**INSTRUCTIONS FOR THE TASK:** From the entries that follow, copy exactly the lines beginning at the line holding "AGOLDE Parker Distressed" and continuing through the line holding "Gratitude framed canvas".

**GIVEN RECORDS:**
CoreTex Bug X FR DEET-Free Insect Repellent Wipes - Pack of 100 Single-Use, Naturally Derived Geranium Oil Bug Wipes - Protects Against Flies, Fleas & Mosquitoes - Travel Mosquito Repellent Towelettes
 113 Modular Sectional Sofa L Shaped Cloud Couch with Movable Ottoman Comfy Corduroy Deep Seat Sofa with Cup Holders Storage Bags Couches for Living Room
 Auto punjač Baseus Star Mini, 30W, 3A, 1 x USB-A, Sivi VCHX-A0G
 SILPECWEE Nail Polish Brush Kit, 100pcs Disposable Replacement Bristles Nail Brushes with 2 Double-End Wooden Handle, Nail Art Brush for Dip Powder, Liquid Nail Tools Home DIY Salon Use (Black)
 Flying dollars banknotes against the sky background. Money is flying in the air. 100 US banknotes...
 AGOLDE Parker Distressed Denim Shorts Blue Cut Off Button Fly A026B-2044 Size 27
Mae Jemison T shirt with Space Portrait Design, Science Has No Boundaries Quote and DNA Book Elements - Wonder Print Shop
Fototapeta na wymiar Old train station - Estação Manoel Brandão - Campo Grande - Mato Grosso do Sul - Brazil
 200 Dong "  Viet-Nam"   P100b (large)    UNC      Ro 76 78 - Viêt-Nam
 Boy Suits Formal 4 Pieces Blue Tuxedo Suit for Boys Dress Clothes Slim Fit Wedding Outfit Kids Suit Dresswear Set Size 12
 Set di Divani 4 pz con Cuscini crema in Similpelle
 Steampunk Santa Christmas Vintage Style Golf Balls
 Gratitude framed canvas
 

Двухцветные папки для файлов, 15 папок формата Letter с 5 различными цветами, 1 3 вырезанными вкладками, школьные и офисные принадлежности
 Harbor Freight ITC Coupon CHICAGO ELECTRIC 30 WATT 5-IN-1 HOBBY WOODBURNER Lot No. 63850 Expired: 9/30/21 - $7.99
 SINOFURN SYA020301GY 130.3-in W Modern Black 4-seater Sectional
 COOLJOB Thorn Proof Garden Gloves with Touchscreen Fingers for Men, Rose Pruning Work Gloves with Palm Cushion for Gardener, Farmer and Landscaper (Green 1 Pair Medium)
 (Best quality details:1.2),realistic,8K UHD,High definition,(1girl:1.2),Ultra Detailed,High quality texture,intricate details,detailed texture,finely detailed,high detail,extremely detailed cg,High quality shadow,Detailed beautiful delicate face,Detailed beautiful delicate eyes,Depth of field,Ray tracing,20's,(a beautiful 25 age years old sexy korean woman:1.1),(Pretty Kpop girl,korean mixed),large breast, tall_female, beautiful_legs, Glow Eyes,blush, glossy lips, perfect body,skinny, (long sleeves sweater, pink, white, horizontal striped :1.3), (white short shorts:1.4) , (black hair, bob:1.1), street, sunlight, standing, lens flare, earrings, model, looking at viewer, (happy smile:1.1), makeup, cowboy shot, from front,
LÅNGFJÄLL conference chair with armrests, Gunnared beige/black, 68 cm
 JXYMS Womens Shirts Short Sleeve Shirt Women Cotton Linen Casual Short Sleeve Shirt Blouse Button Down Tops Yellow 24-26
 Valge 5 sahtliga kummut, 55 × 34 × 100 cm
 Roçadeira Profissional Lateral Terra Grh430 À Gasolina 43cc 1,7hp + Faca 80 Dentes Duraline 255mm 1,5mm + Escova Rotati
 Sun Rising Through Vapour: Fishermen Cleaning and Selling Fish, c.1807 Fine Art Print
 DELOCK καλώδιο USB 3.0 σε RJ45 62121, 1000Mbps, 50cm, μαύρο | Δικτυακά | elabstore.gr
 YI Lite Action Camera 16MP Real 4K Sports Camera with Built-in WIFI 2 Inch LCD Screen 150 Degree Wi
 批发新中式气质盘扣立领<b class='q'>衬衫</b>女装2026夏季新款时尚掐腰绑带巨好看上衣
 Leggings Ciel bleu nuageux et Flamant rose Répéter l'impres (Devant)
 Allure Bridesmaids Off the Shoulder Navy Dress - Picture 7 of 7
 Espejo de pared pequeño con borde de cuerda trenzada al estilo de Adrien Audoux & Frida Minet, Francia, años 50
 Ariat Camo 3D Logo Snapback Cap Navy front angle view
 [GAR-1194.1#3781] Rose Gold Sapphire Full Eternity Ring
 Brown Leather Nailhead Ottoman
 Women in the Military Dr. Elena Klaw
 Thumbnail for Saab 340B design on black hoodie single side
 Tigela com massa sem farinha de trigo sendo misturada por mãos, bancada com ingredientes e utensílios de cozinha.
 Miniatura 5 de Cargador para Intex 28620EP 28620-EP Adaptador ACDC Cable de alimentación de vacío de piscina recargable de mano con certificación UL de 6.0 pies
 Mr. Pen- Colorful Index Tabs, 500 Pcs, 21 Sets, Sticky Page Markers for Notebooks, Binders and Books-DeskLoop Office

**EXPECTED OUTPUT:**
 AGOLDE Parker Distressed Denim Shorts Blue Cut Off Button Fly A026B-2044 Size 27
Mae Jemison T shirt with Space Portrait Design, Science Has No Boundaries Quote and DNA Book Elements - Wonder Print Shop
Fototapeta na wymiar Old train station - Estação Manoel Brandão - Campo Grande - Mato Grosso do Sul - Brazil
 200 Dong "  Viet-Nam"   P100b (large)    UNC      Ro 76 78 - Viêt-Nam
 Boy Suits Formal 4 Pieces Blue Tuxedo Suit for Boys Dress Clothes Slim Fit Wedding Outfit Kids Suit Dresswear Set Size 12
 Set di Divani 4 pz con Cuscini crema in Similpelle
 Steampunk Santa Christmas Vintage Style Golf Balls
 Gratitude framed canvas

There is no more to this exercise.